Подлинная нуклеарная семья, с независимыми ролями мужчины и женщины, возможна там и только там, где и мужчина, и женщина способны преодолеть своё «несовершеннолетие» (позволю себе воспользоваться кантовской метафорой, которую он относит к переходу к Просвещению, как, прежде всего, к отказу от опоры на авторитеты), а это, кроме всего прочего, означает, что они готовы отказаться от постоянного пресса традиций.  Новые роли мужчины и женщины, в полной мере способны раскрыться только там, где место традиции в широком значении этого слова, заменят безличные социальные институты. И важным компонентом этих новых «ролей», станет гражданское общество с его атомарностью и огромными потенциальным возможностями, чтобы из этой «атомарности» в каждый момент времени складывались те или иные гибкие общественные образования.

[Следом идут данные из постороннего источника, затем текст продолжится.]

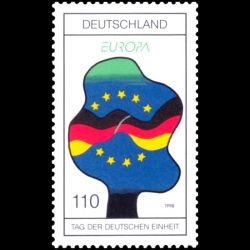Timbre Allemagne fédérale...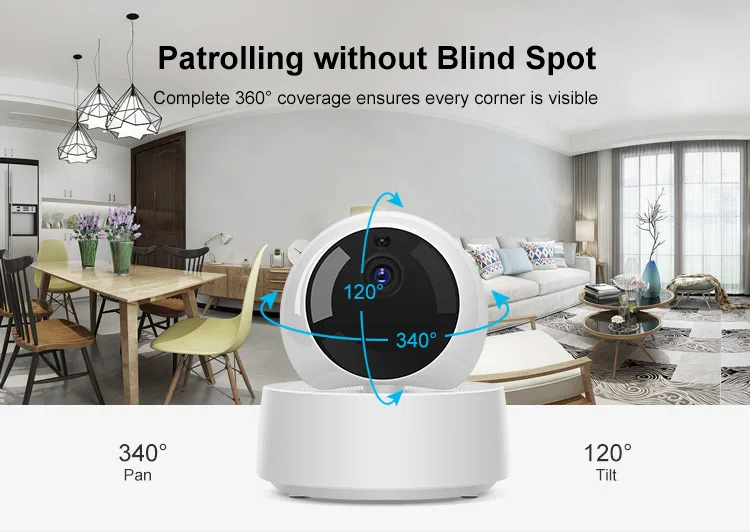 SONOFF GK-200MP2-B, умная Мини Wifi камера, беспроводная, 1080 P, HD IP камера, 360 IR, ночное видение, детский монитор, камера наблюдения s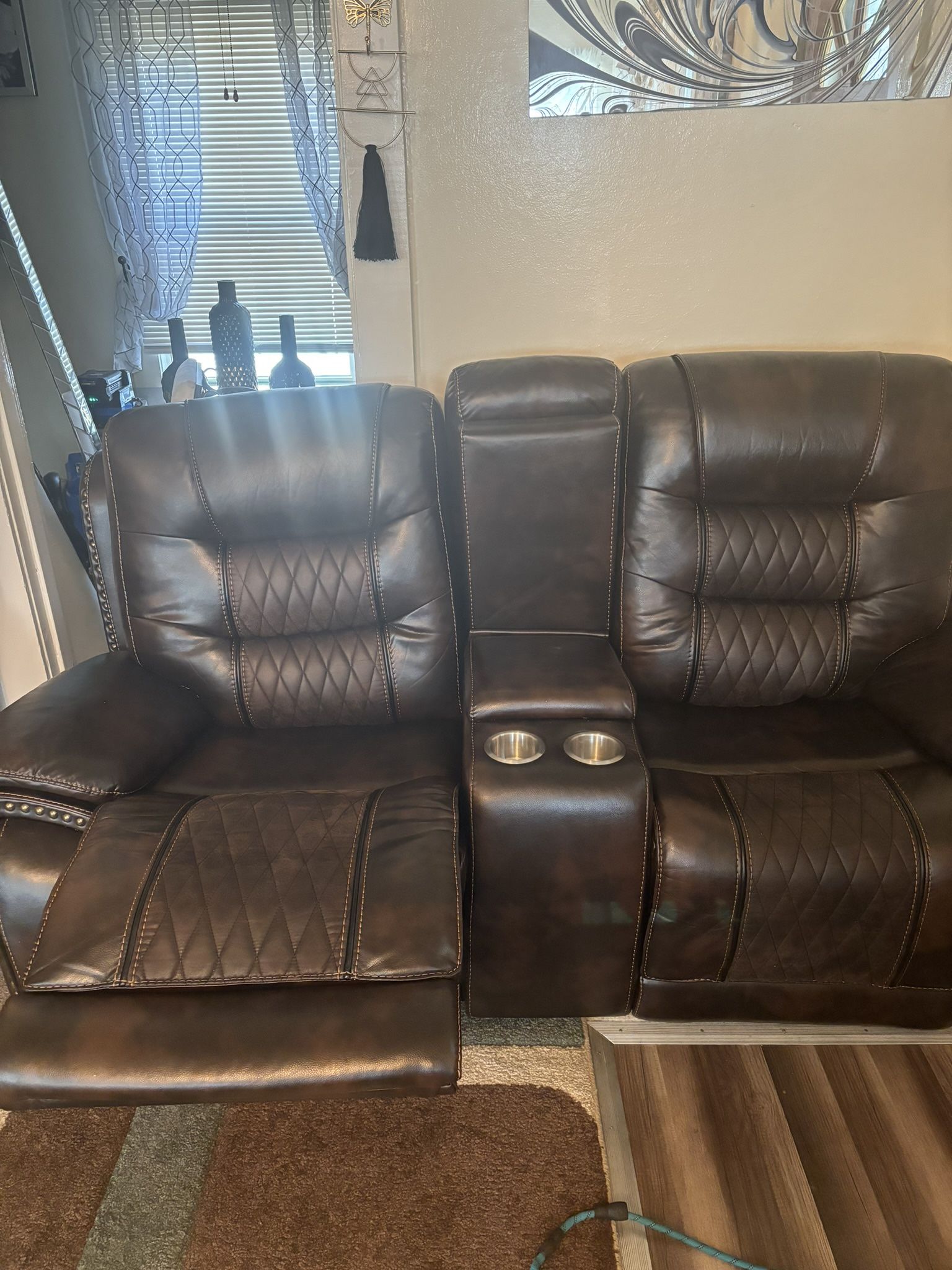 Recliner Sofa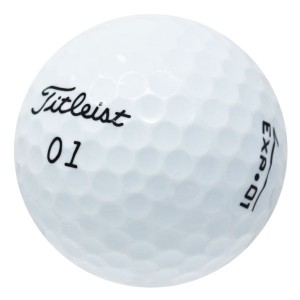 Mint condition used golf balls clearance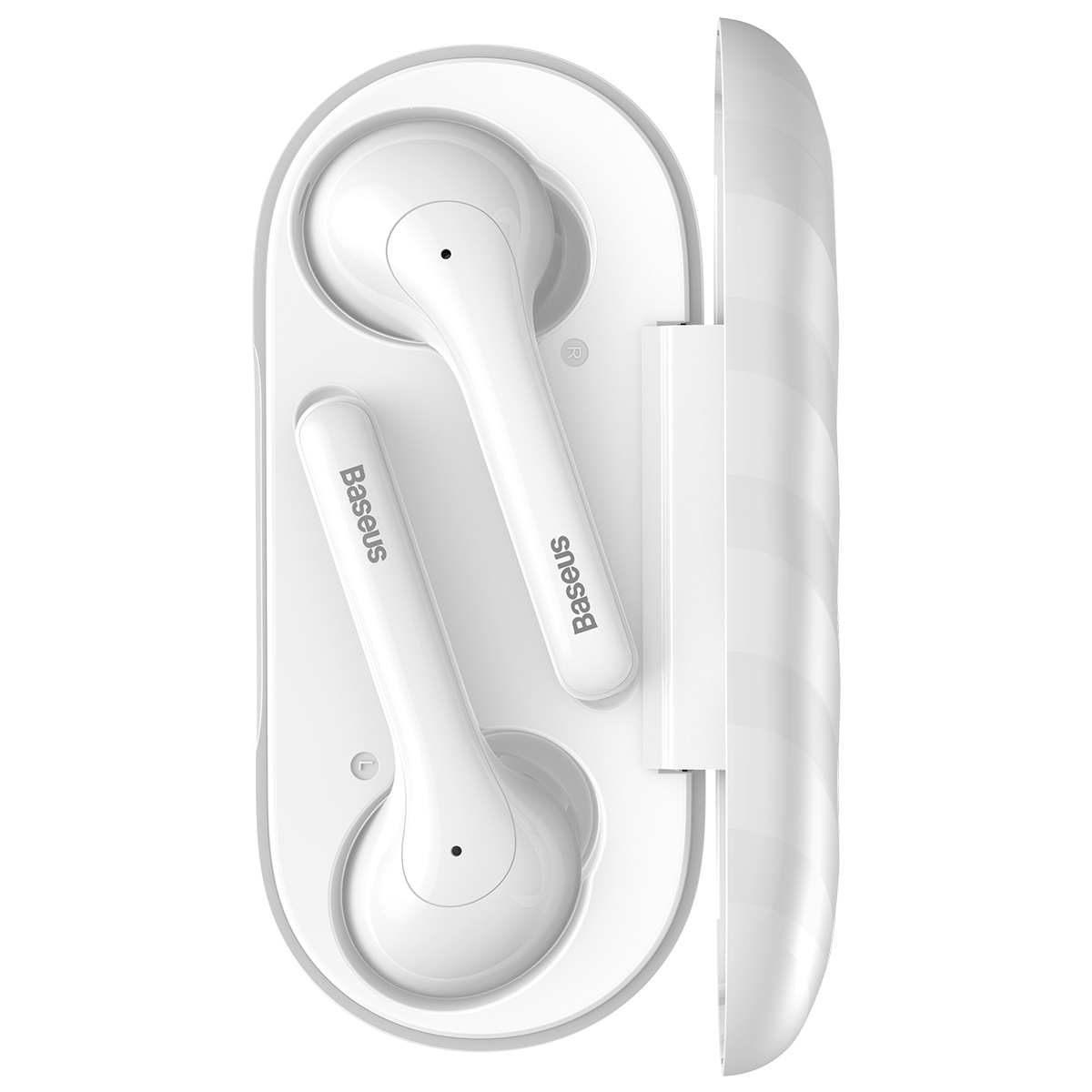 Baseus s�uchawki bluetooth TWS W07 bia�e / 2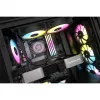 Corsair CW-9060074-WW computerkoelsysteem processor all-in-one-vloeistofkoeler 12 cm zwart 1 stuk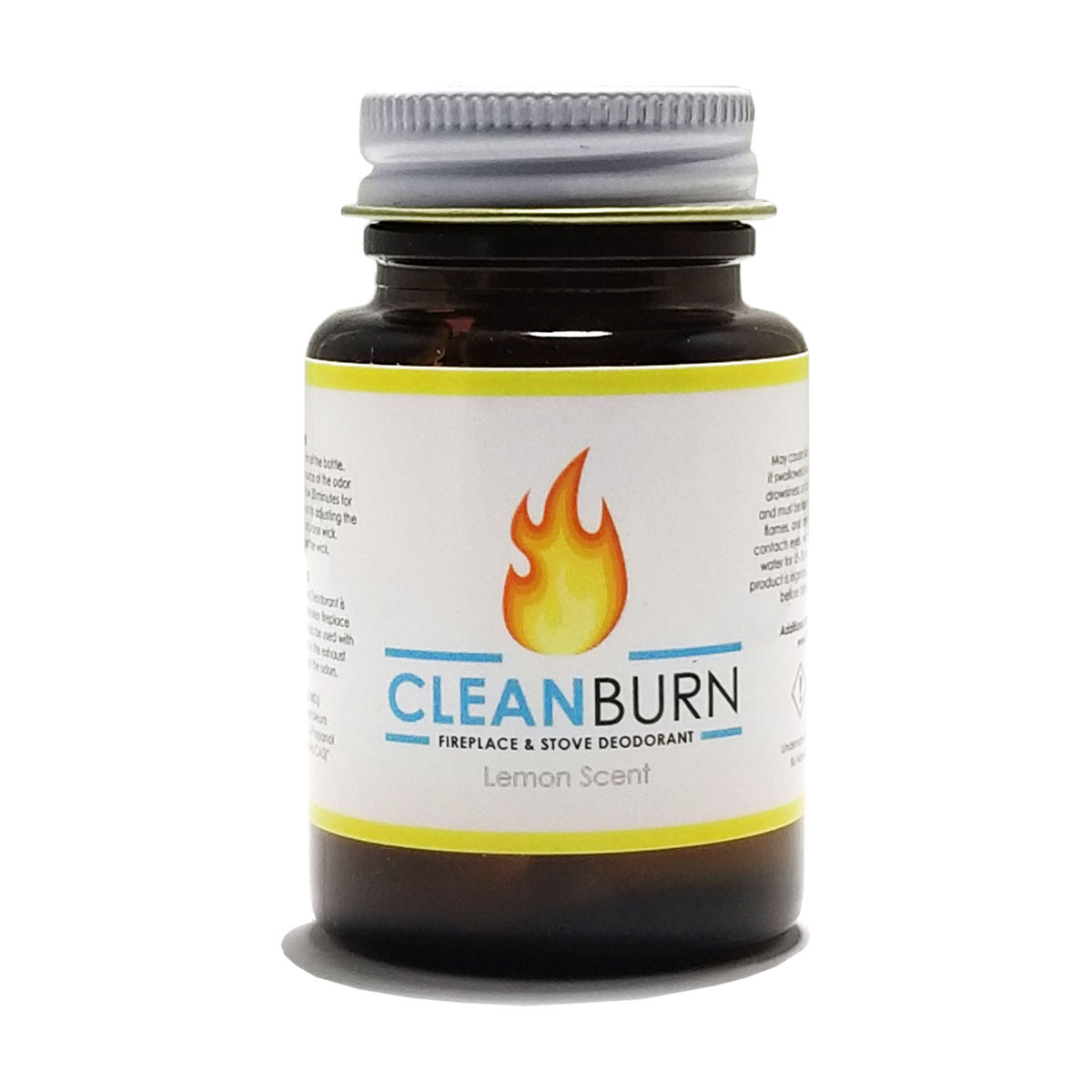 Picture of Cleanburn 610169L 1.5 oz Fireplace & Stove Deodorant - Lemon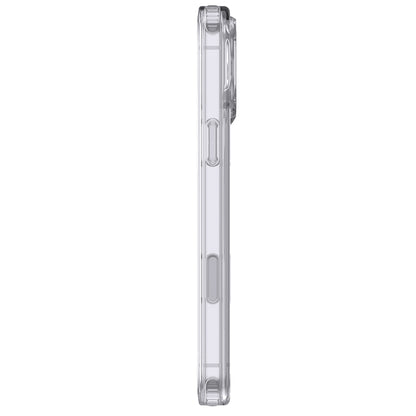 iPhone 18 Pro Kılıf M-Safe Şarj Özellikli Raptic Air Clear Serisi Airbagli Kılıf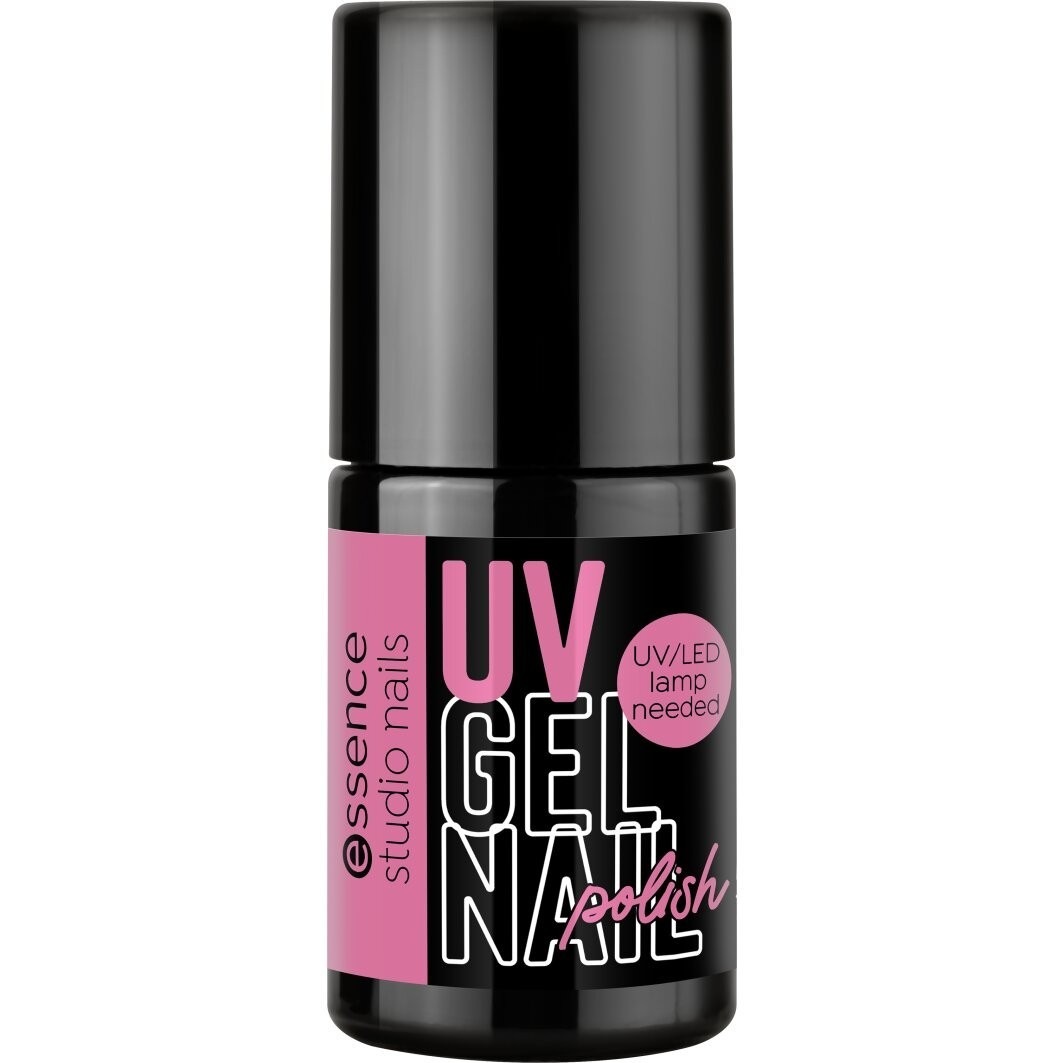 Лак для ногтей studio nails uv gel nail polish Essence, 208 - dreamin rosy, объем 5 мл — фото 2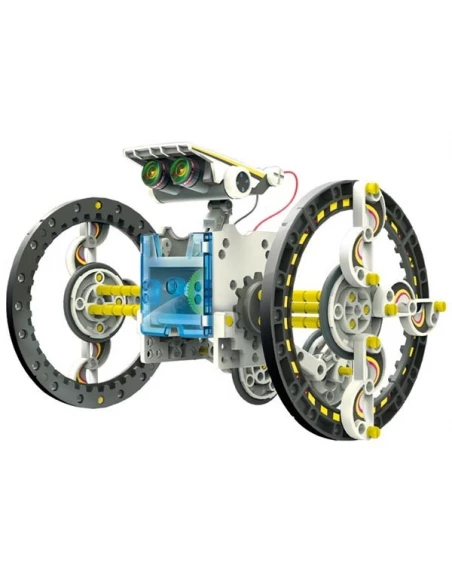 Kit éducatif - robot solaire 14 en 1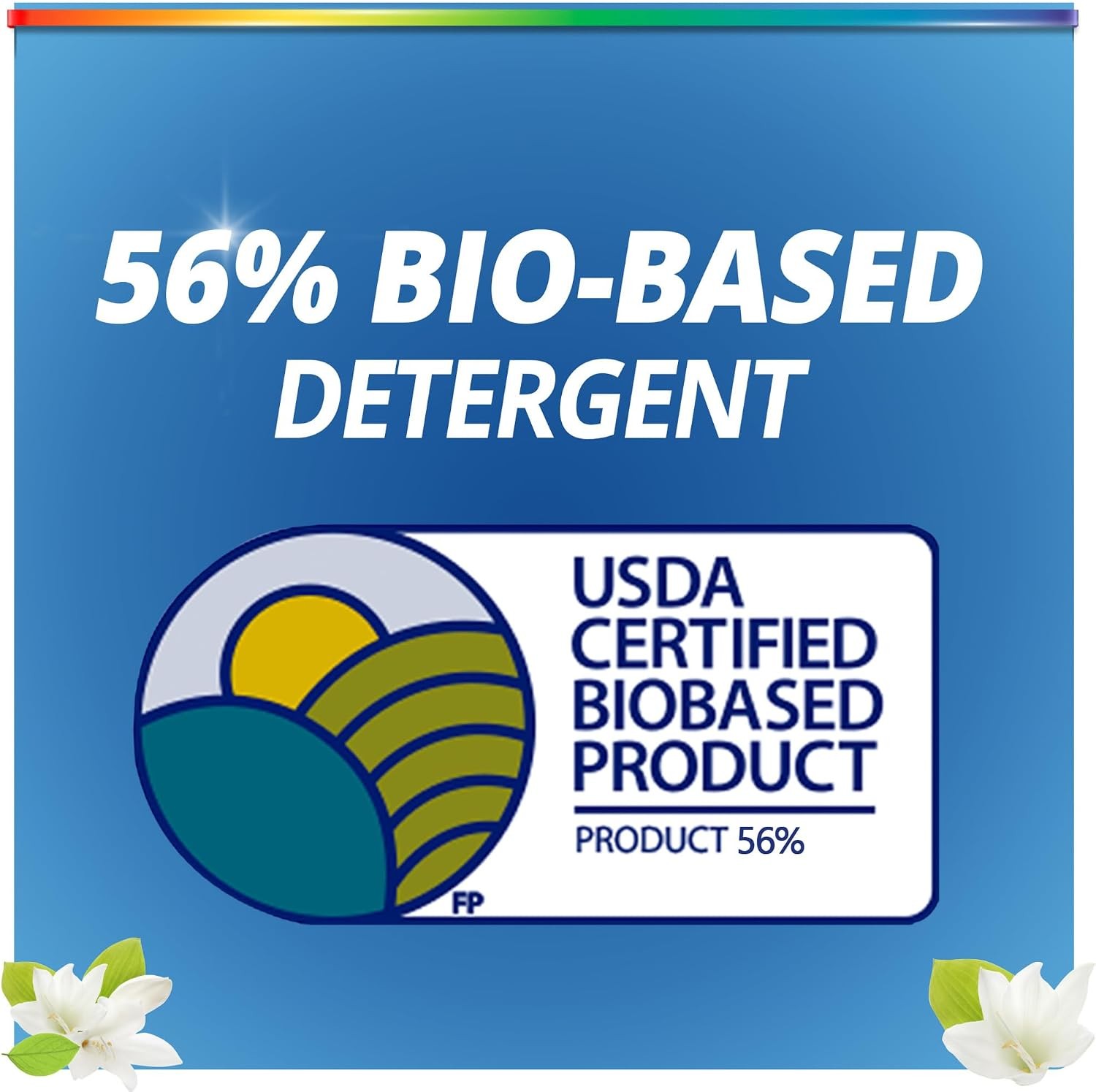 Natural Elements Fresh Lilies & Linen Liquid Detergent, 82.5 oz, 165 Loads,
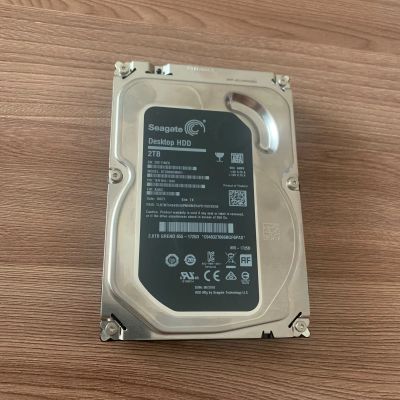 Лот: 18623889. Фото: 1. Жёсткий диск 3.5" Seagate 2TB... Жёсткие диски (HDD)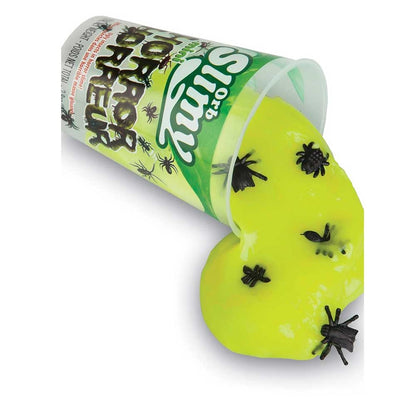 Slimy Mini Horror 80 grams Gooey Non-Toxic Slime Toy in Blister Card, Assorted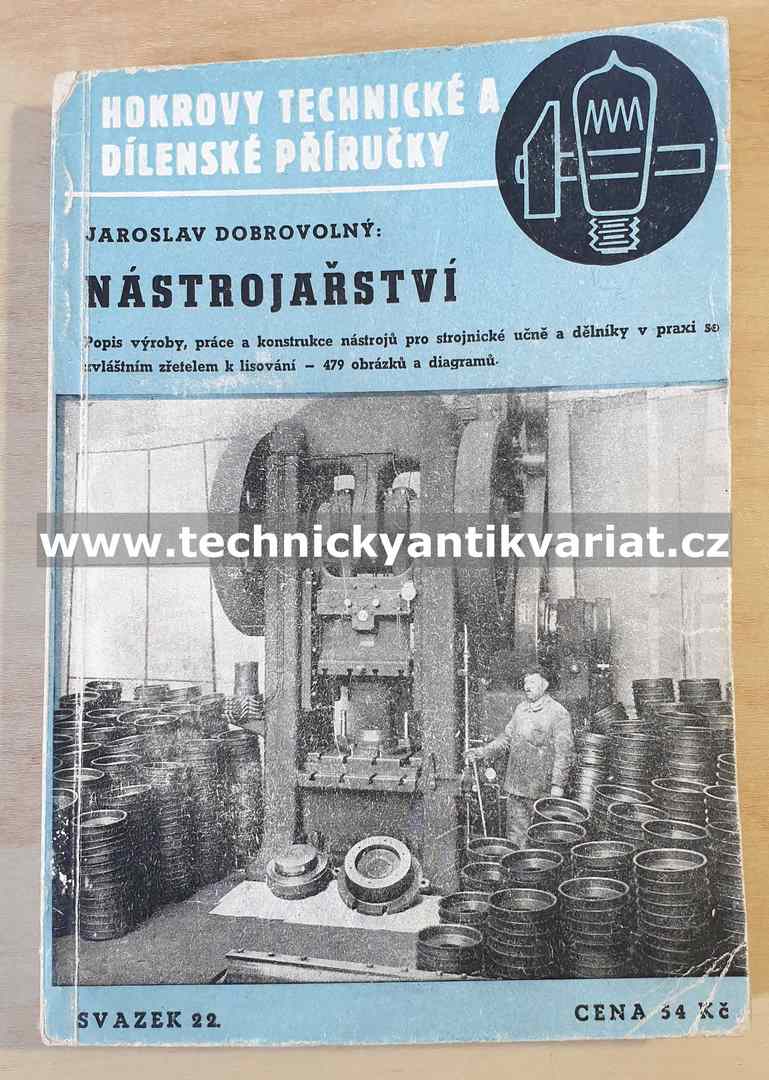 Nástrojářství - Jaroslav Dobrovolný (1946)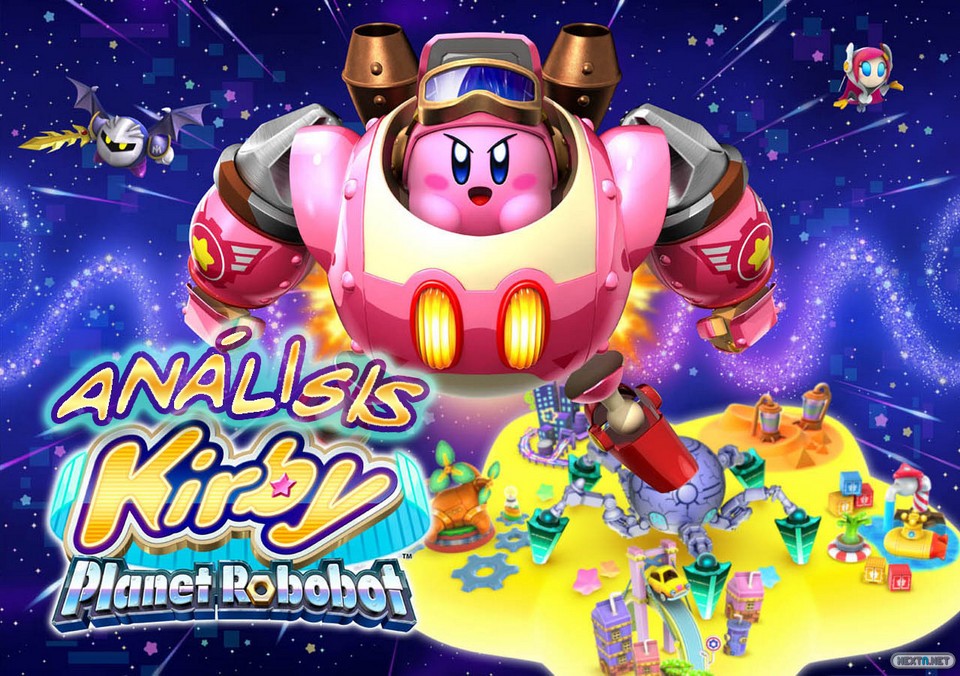 1606-06 Kirby Planet Robobot Análisis
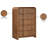 Ishaque 5 Drawer 32" W Chest-90706632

Конечно, этот «переход» труден не только для мужчины, но и для женщины, он отягощён привычками, стереотипами (назовём их «ловушками сознания»), но, на мой взгляд, этот «переход» наиболее труден и драматичен  именно для азербайджанского мужчины, который в большей степени несёт в себе родимые «пятна» прошлого и в меньшей степени готов с ними расстаться. В нему в большей степени относятся слова мудрого М. Хайдеггера о «безличных “людях” (das Man), которые «орудуют в нас и через нас вместо нас», и, по мнению которого, «смешанное из малодушия и заносчивости бегство в традицию не способно, взятое самом по себе, кроме страусиной слепоты перед историческим моментом, понять свою эпоху» (звучит как обвинительный приговор, едва ли не для каждого  из нас).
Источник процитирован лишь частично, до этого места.